Ar² and Ar² each independently represent hydrogen, a substituted or unsubstituted aromatic hydrocarbon group having 6 to 18 carbon atoms, a substituted or unsubstituted aromatic heterocyclic group having 3 to 17 carbon atoms, or a substituted or unsubstituted linked aromatic group in which two to five of these aromatic rings are linked to each other. Preferred is hydrogen, a substituted or unsubstituted aromatic hydrocarbon group having 6 to 18 carbon atoms, or a substituted or unsubstituted linked aromatic group in which two to five of these aromatic hydrocarbon groups are linked to each other. More preferred is a substituted or unsubstituted phenyl group, or a substituted or unsubstituted linked aromatic group in which two to five phenyl groups are linked to each other.

Specific examples of the unsubstituted aromatic hydrocarbon group having 6 to 18 carbon atoms, the unsubstituted aromatic heterocyclic group having 3 to 17 carbon atoms, or the linked aromatic group in which two to five of these aromatic rings are linked to each other include a group generated from benzene, naphthalene, acenaphthene, acenaphthylene, azulene, anthracene, chrysene, pyrene, phenanthrene, fluorene, triphenylene, pyridine, pyrimidine, triazine, thiophene, isothiazole, thiazole, pyridazine, pyrrole, pyrazole, imidazole, triazole, thiadiazole, pyrazine, furan, isoxazole, quinoline, isoquinoline, quinoxaline, quinazoline, thiadiazole, phthalazine, tetrazole, indole, benzofuran, benzothiophene, benzoxazole, benzothiazole, indazole, benzimidazole, benzotriazole, benzisothiazole, benzothiadiazole, purine, pyranone, coumarin, isocoumarin, chromone, dibenzoselenophene, dibenzofuran, benzofuropyridine, benzofuropyrimidine, dibenzothiophene, benzothienopyridine, benzothienopyrimidine, pyridoindole, carbazone, or compounds in which two to five of these are linked to each other. Preferred examples thereof include a group generated from benzene, naphthalene, phenanthrene, fluorene, triphenylene, triazine, dibenzofuran, benzofuropyridine, benzofuropyrimidine, dibenzothiophene, benzothienopyridine, benzothienopyrimidine, pyridoindole, or carbazone, or compounds in which two to five of these are linked to each other. More preferred is a phenyl group, a biphenyl group, or a terphenyl group. The terphenyl group may be linked linearly or branched.

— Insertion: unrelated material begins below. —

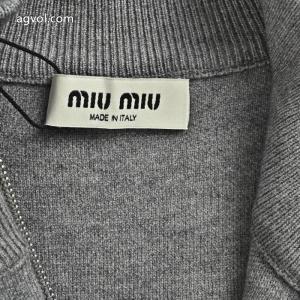 偽 ブランド 通販2026一番最高人気 北欧ブランド 雑誌掲載コートMIUMIU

In the present specification, aromatic hydrocarbon group, aromatic heterocyclic group, or linked aromatic group may each have a substituent. In the case of having a substituent, the substituent is preferably deuterium, halogen, a cyano group, a triarylsilyl group, an aliphatic hydrocarbon group having 1 to 10 carbon atoms, an alkenyl group having 2 to 5 carbon atoms, an alkoxy group having 1 to 5 carbon atoms, or a diarylamino group having 12 to 44 carbon atoms. In the case of the aliphatic hydrocarbon group having 1 to 10 carbon atoms, the substituent may be linear, branched, or cyclic.

Note that the number of substituents is 0 to 5 and preferably 0 to 2. When an aromatic hydrocarbon group and an aromatic heterocyclic group have substituents, the calculation of the number of carbon atoms does not include the number of carbon atoms of the substituents. However, it is preferred that the total number of carbon atoms including the number of carbon atoms of substituents satisfy the above range.

Specific examples of the substituent include deuterium, cyano, methyl, ethyl, propyl, i-propyl, butyl, t-butyl, pentyl, cyclopentyl, hexyl, cyclohexyl, heptyl, octyl, nonyl, decyl, vinyl, propenyl, butenyl, pentenyl, methoxy, ethoxy, propoxy, butoxy, pentoxy, diphenylamino, naphthylphenylamino, dinaphthylamino, dianthranylamino, diphenanthrenylamino, dipyrenylamino, triarylsilyl, ethenyl. Preferred examples thereof include cyano, methyl, ethyl, propyl, butyl, pentyl, hexyl, heptyl, octyl, diphenylamino, naphthylphenylamino, or dinaphthylamino.

In the present specification, the linked aromatic group refers to an aromatic group in which the carbon atoms of the aromatic rings in the aromatic group are linked to each other by a single bond. It is an aromatic group in which two or more aromatic groups are linked to each other, and they may be linear or branched. The aromatic group may be an aromatic hydrocarbon group or an aromatic heterocyclic group, and the plurality of aromatic groups may be the same or different. The aromatic group corresponding to the linked aromatic group is different from the substituted aromatic group.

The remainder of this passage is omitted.